De oudste voorstelling van onze Sinterklaas stamt van ver voor het begin van onze jaartelling en is die van  de Germaanse god Wodan of Odin met zijn witte schimmel Sleipir. Deze Scandinavische wintergod bracht met zijn paard geschenken rond en liet zich vergezellen door een beschilderde sjamaan.  Deze lijkt een hulp, een soort knecht maar staat  -naar men vermoedt-  ook symbool voor het oude en door de Germaanse religie verdrongen sjamanisme. Het Odinfeest is een geschenkenfeest waar van alles wordt uitgedeeld om de winter mee door te komen. Aanvankelijk viel het samen met het geboortefeest van de Keltische god Freir tijdens de zonnewende, maar langzamerhand is het in onze streken naar voren geschoven.

De ondergeschikte sjamaan, waarin men iets van zwartepiet kan herkennen,  wordt in oude verhalen ook wel Herne of Eckhart genoemd, soms ook Satyr of Puck, een naam die verwant is aan het Angelsaksische Bogey of Boucca  (verwant aan het slavische Bog dat god betekent). Op oud rotstekeningen staat deze Herne afgebeeld met de fasces, de roe of de roedebundel, het oeroude vruchtbaarheidssymbool waarmee macht werd uitgeoefend (van fasces is het woord fascisme afgeleid).

Veel oude gebruiken en gewoonten blijven vaak hetzelfde. Alleen de namen veranderen en de dingen krijgen  een eigentijds sausje. Vanaf de vijfde of zesde eeuw worden Odin en Wodan door de opkomst van het christendom langzamerhand vervangen door de zeer populaire heilige Nicolaas en wordt het Odinfeest het Nicolaasfeest. Maar in de zestiende eeuw werd dit feest in de Nederlanden onder invloed van Reformatie en Beeldenstorm verboden en werden ook de Nicolaasmarkten afgeschaft. Men duldt geen heiligen. In 1663 echter ontstond onder stimulering van de middenstand in Amsterdam de opstand der kinderen.

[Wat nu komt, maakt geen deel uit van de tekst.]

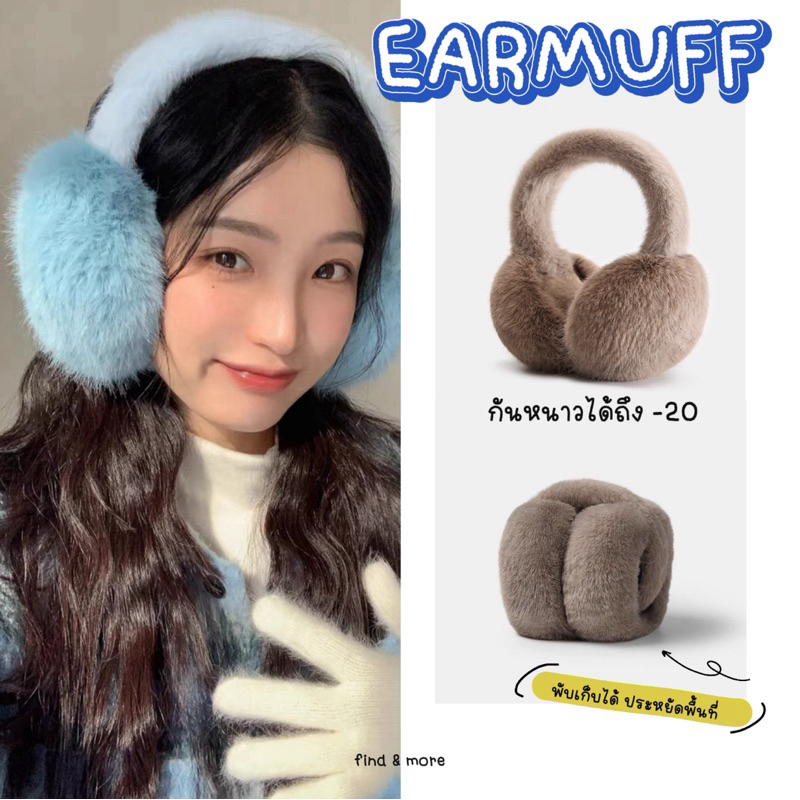 FABLEME ✨ EARMUFF  ที่ปิดหูกันหนาว☃️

Het college van Schout en Schepenen ging door de knieën, de Nicolaasmarkten werden in ere hersteld maar het Sint Nicolaasfeest mocht echter niet in het openbaar worden gevierd (dat was iets in het geniep van Rooms-Katholieken). En zo is het lange tijd gebleven. Van een Zwartepiet is weinig waar te nemen. Misschien dat de Spanjaarden op de Nicolaasmarkten hun waar verkochten met behulp van slaven, moslims en moren die een donkere huidskleur hadden.

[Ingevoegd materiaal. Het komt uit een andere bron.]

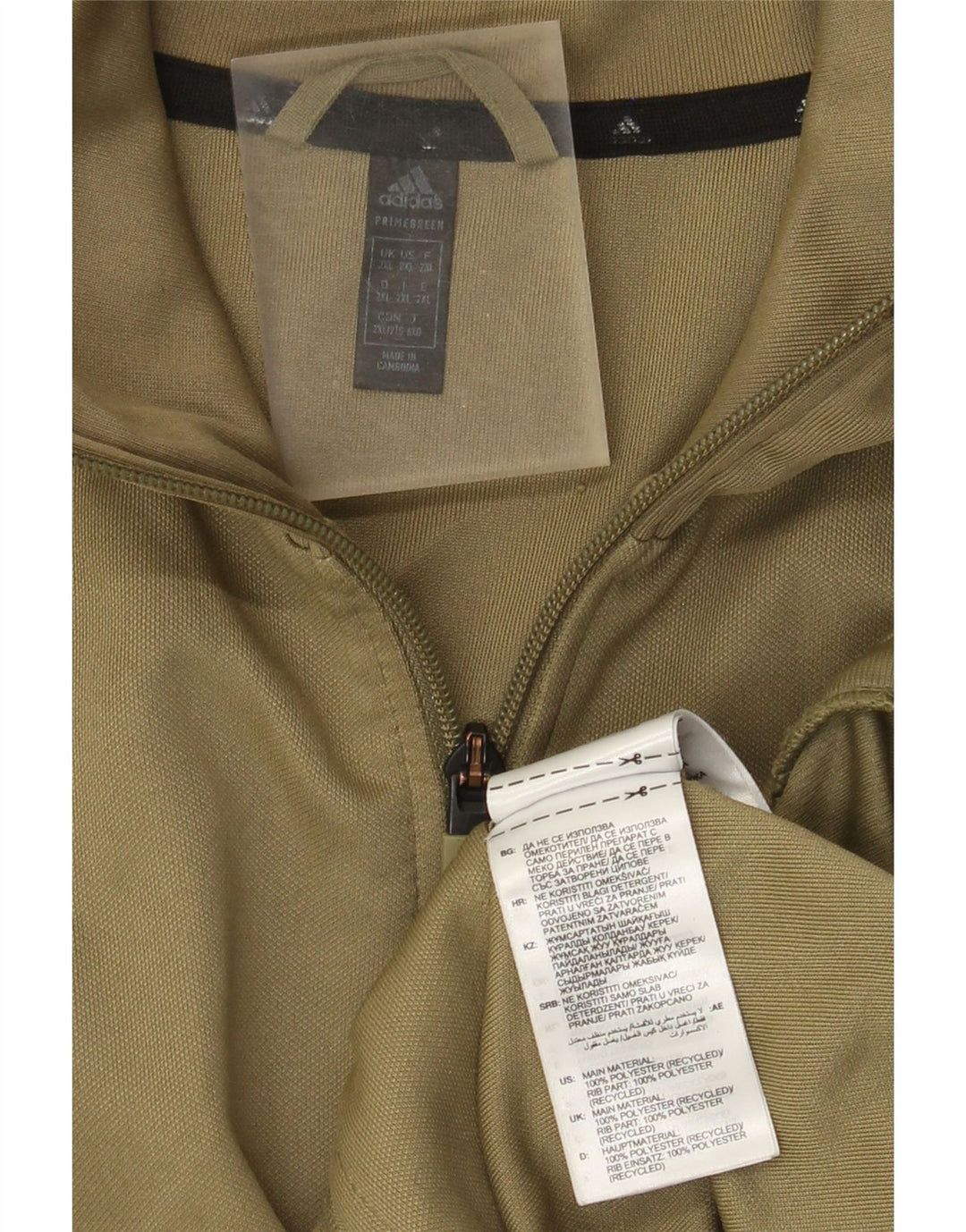 Adidas Veste de survêtement pour homme 2XL Kaki Polyester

De figuur van Nicolaas is een soort kapstok waar van alles aan kan worden opgehangen. Het feest krijgt ook telkens een andere vorm. Soms is de Sint de grote helper, de huwelijksmakelaar, dan weer de beloner van goed en kwaad of de pedagoog. Zwartepiet is een hulp, een knecht, dan een boeman, een duivel, iemand die kinderen schrik aanjaagt en dan weer een grappenmaker of een organisator.

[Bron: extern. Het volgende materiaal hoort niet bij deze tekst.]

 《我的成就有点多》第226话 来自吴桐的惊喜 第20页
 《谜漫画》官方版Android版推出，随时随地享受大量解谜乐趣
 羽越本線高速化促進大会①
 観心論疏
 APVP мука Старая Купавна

In 1851 verschijnt het boekje  van Sint Nicolaas en zijn knecht van de Amsterdamse onderwijzer J. Schenkman. Daarin staan de eerste ons bekende plaatjes van Sint en Piet. Er is maar één Piet die zwart is en die stoute kinderen in de zak stopt. Voor zover bekend is de eerste intocht van Sint Nicolaas in 1888 in  het katholieke Venray.  Rond 1920 reed de Sint in een rijtuig door Leeuwarden, Venlo, Deventer en zelfs Utrecht. De eerste officiële intocht in Amsterdam vindt plaats in 1934. Na de oorlog is het hek van de dam, ontstaan er overal intochten  en komen er langzaamaan in plaats van een enkele Piet meerdere zwartepieten.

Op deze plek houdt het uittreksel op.